Training Load Out

Making the most of a firearms training course isn't rocket science. Just make sure to bring the required equipment. If possible, add a few extras to maximize comfort and avoid circumstances that could prevent the successful completion of the course.

I’ve got another training course I will be attending here pretty soon. As I find myself getting ready, I thought it wouldn’t be a bad idea to share what I plan to take with me to a training course. Coincidentally about this time a year ago, I published a short post outlining how I get ready for a trip to the range. That’s relevant because what I do to get ready for the range is similar to what I do to get ready for a training course.

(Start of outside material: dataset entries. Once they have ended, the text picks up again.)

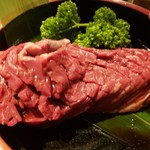 あか牛焼肉専門 和牛一頭流 肉萬 - 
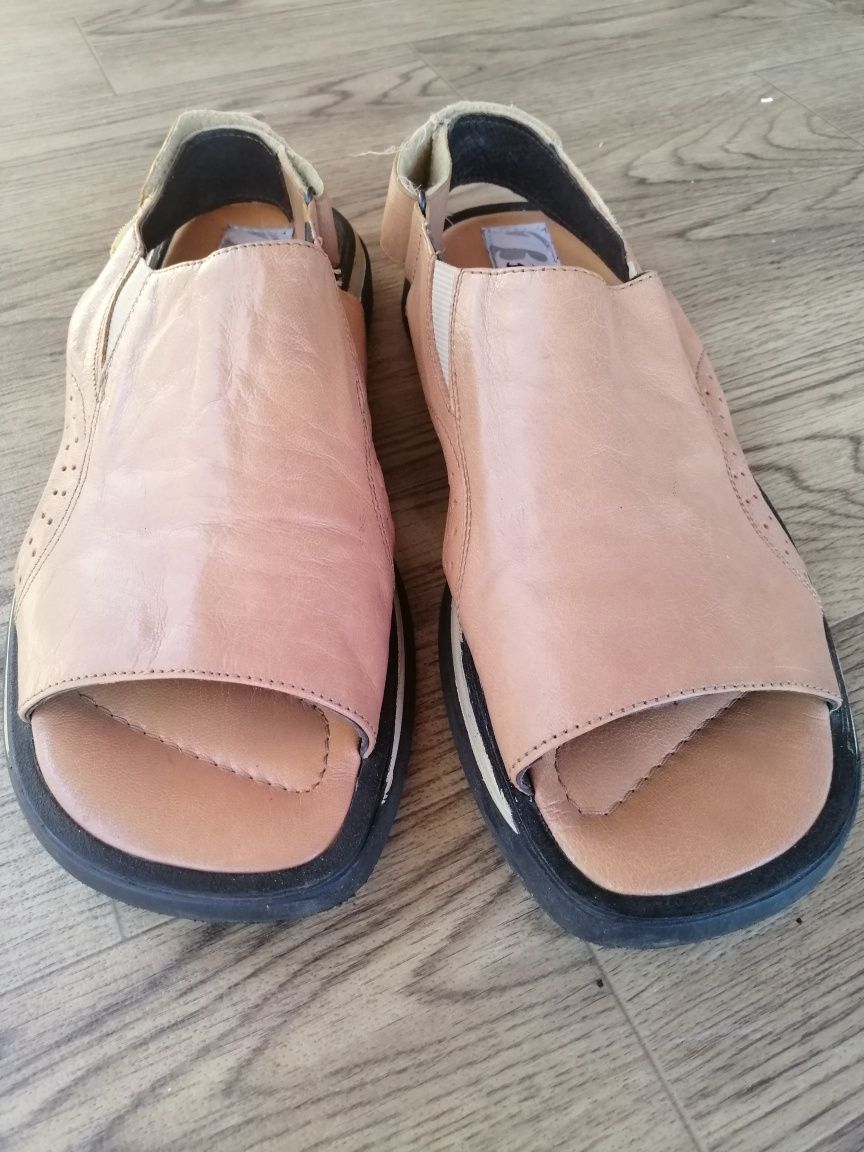 Bata кожаная  обувь 43 размер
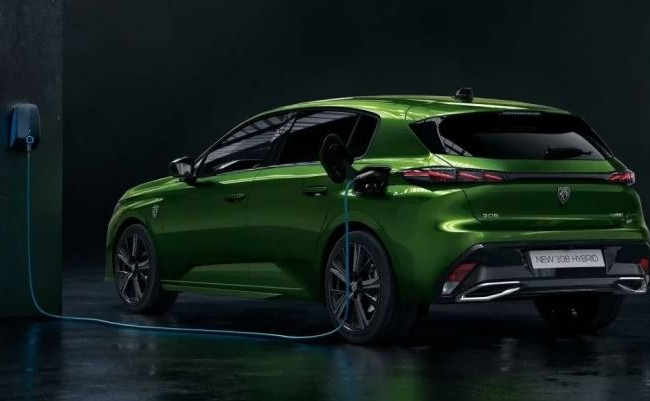 Peugeot представит новый электромобиль: что известно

The big difference for between getting ready to go to range to practice and attending a course is that there is very little to do in terms of goal setting and planning as the curriculum has already been decided. However, I do take a moment to review the curriculum and make a list of things I would like to take away from the course and questions I would like answered.

Guns and Gear

Next, is getting the guns ready. Selection is easy as it should be the guns required for the course. Yes, there is a possibility that more than one gun is required. For example, the last course I attended required a duty sized semi-automatic pistol and an AR-15. Personally, I also like to take back up guns when possible just in case the gun I am training with has a failure that requires more than a tap and rack to correct.

Along with the guns comes the required gear. The required gear list is usually spelled out for the course and includes things like holsters, magazines, mag pouches, slings, and what not. Again when possible, I like to bring back up equipment.

I suggest preforming regular maintenance on the guns and gear prior to attending the class. Starting out with a clean and lubricated gun reduces the chance of firearm failures in the course.

I inspect all of the required guns and gear prior to attending the course as well. This includes making sure all screws are torqued correctly and that nothing is on the verge of failure. The tools and lubricants used for maintenance and inspection then go into the range bag in case any field maintenance is required and back up equipment is not available.


Most training courses will give you an approximate round count. The accuracy of that round count can vary. I’ve attended courses where the actual round count was half of the course called for. I’ve also attended classes where the round count was exceeded by margin of 10%. So as a rule of thumb I like to bring an additional 25% of the approximated round count. For example, the next course I will be attending is approximating a round count of 500 so I will be taking 625 rounds to course.

One additional tip: Preload your magazines. All of them. It’s easier (and faster) to download the magazines at the start of the course if needed, than it is to load them. This minimizes the hold up before the first live fire drill of the training course.

Also, bring a mag loader and save your thumbs.

Range Bag Contents

At this point, the range bag should at least have the field tools and lubricants in it. Firearms and ammunition may go in the bag or may end up in one or more gun cases and ammo cans. Gear should be in the bag and ready to go as well.

In addition to those things, I make sure I have:

  • Hearing protection,
  • eye protection,
  • first aid kit,
  • kinesiology tape (blisters and hot spots happen, don’t let them stop your from completing the course and use that info to make adjustments to the carry gun and holster at a later date),
  • spare batteries for all the equipment that uses batteries (like hearing protection, red dots, illuminated scopes, flash light, etc.),
  • sun screen,
  • and bug spray.

Like the guns and gear, back up hearing protection and eye protection make it into the bag. Just in case.

Other Tidbits

The courses I have attended so far are either a half day (4 hour) or full day (8 hour) format. None of which include food or beverages. All of which don’t allow enough time to get off the property to pick up lunch (mostly due to being remote enough to require significant enough driving time to a restaurant or fast food joint that makes it impractical). As such, make it a point to load up a cooler with water (or other non-alcoholic beverages) and food. Then throw some extra food and water in the cooler just in case. Wouldn’t hurt to throw a couple of energy bars in the range bag either. Sports beverages (heavy on electrolytes) are also your friend. Remember, dehydration and low blood sugar are not your friends.

Don’t forget some cleaning wipes to get the powder residue and lead off your hands before you eat or to clean up after the course is completed. Some training facilities or trainers may provide these. Others won’t.

I also like to include a camping chair and pop-up canopy to for shade when the training will take place outdoors. All of the training courses I’ve attended so far has taken place outdoors. Some of the training facilities provide shade and seating. Some don’t.

Don’t forget to wear weather appropriate clothing and a hat.

Last, but not least, pen and paper is a really good idea. Or something to quickly jot down notes with. I don’t know about you, but I don’t want to forget about that new drill I’m likely to be exposed to.

All of this “extra stuff” may seem overkill to some. However, some of training courses can get pricy especially when travel and lodging is required. Regardless of the cost, I want to make the most of my training investment and would rather be over prepared than not prepared enough. I find that being prepared (or over prepared) is preferable to not being able to complete the course.

On the flip side, not having all of the extra equipment shouldn’t keep one from attending a training course. At a minimum, bring the required equipment. Chances are the required equipment will be sufficient.